Almagro: "Unilateral closure" of the OAS office in Nicaragua is "absolutely despicable in legal terms"

Confiscations Bury Legal Security in Nicaragua

The cancellations and confiscations of NGOs and universities in Nicaragua, approved by the National Assembly that controls the regime of Daniel Ortega and Rosario Murillo, constitute an illegal confiscation process that buries legal security in the country, warns the jurist and expert in Criminal Law , Boanerges Fornos, who also maintains that this is how they try to repeat the confiscations of companies, land, and properties of the eighties.

So far in 2022, the Ortega Murillo regime has canceled 193 NGOs and associations, accusing them of failing to file financial reports or update their boards of directors.

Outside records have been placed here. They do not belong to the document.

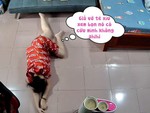 Cô chủ hờn dỗi vì giả vờ ngất nhưng chó cưng chẳng biết gì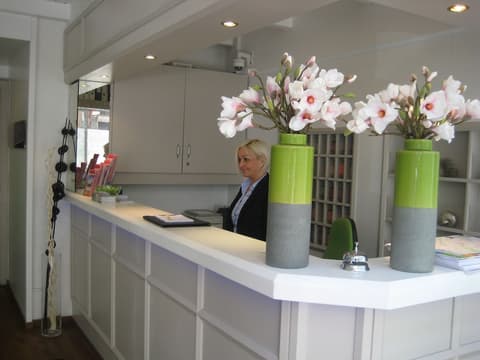 Hotel S16, Reception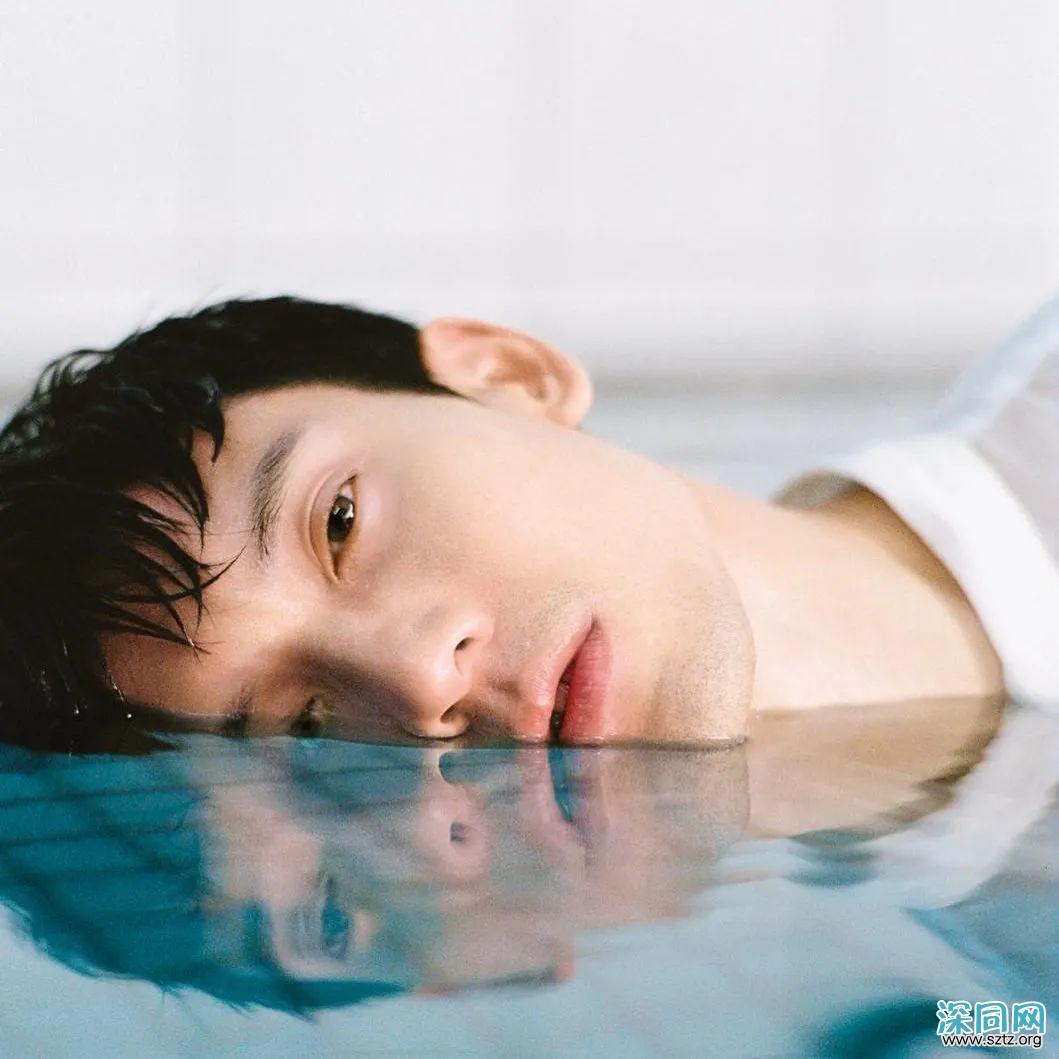 40岁香港男星关智斌推出写真集,他看起来还是那么青春 40岁香港男星关智斌推出写真集,他看起来还是那么青春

In addition, the dictatorship has illegally confiscated six universities and, between December 2018 and August 2021, it assaulted, occupied and confiscated three media outlets: CONFIDENTIALthe channel 100% Noticias and the newspaper La Prensa, and has promoted the de facto occupation of thousands of blocks of land in rural properties and productive farms.

Fornos recalls the property appropriation process known as “La Piñata” at the end of Ortega’s first presidential term in 1990, which cost more than 1.3 billion dollars in internal debt, and marked the last stage of the moral debacle of the old Sandinista leadership that overthrew the Somocista dictatorship in 1979.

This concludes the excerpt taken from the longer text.